Apache Arrow – New level of Performance and Interoperability for Big Data Analytics

Neeraja RentachintalaFebruary 22nd, 2016Last Updated: February 21st, 2016

0 53 2 minutes read

Today we at MapR would like to congratulate Apache Arrow, a cross system data layer to speed up big data analytics and a brand new addition to the Apache Open Source Software community on its announcement as a Top Level project.

Scalable and high performance analytics are top of mind for customers to help them fully realize the business value of Big data and Hadoop, in addition to using it as a pure infrastructure optimization choice with cheaper storage and/or as a batch processing system. There has been a tremendous amount of innovation in the open source community in the past couple of years to enable analytics across all layers of the stack including columnar storage formats (such as Parquet/ORC), in-memory processing layers (such as Drill, Spark, Impala, Storm) and powerful language APIs (such as Python, R). Arrow is the latest addition to the stack and represents a new type of memory-based data interchange format for use across these systems, applications and programming languages.

Efficient columnar representation of data on disk as well as in-memory and columnar processing are key techniques to achieve performance in analytics workloads. Specifically columnar processing allows systems to process data at full hardware speeds by leveraging modern CPU characteristics via vectorized operations and SIMD instructions. Apache Drill is one of the first big data query engines, which is both columnar on disk and in memory. The Arrow format takes its roots from the in-memory data representation originally developed as part of the Apache Drill project, called as Value Vectors. More details on Apache Drill Value Vectors. With more systems and applications moving towards columnar processing, the Drill data representation has evolved as Apache Arrow to aid such processing across systems. In addition to being a high performance columnar data format, Arrow also has the ability to represent hierarchical and dynamically evolving datasets, thereby making it the format of choice for the flexibility needed to handle the variety of big data types being generating by IoT and other modern applications.

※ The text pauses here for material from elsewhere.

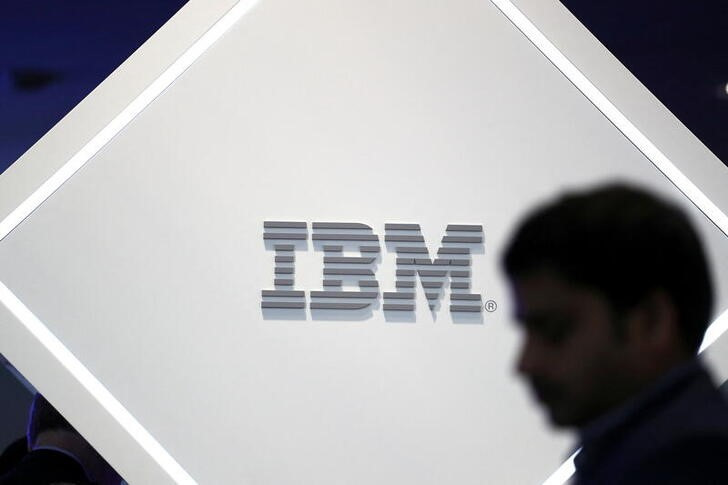 A man stands near an IBM logo at the Mobile World Congress in Barcelona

We are very excited about the potential and possibilities that Apache Arrow can bring to the big data ecosystem. By having Apache Arrow as a standard data interchange format, new levels of interoperability open up between the various big data analytics systems and applications. Instead of spending large amount of CPU cycles serializing and deserializing data to convert data between various formats, a standard format allows for sharing of data in a seamless and frictionless fashion between systems and processes. This means customers are able to deploy these systems in conjunction with each other without incurring any overhead.

Apache Arrow is a very important initiative for MapR and we look forward to collaborating with the broader big data ecosystem projects towards its next phase of evolution.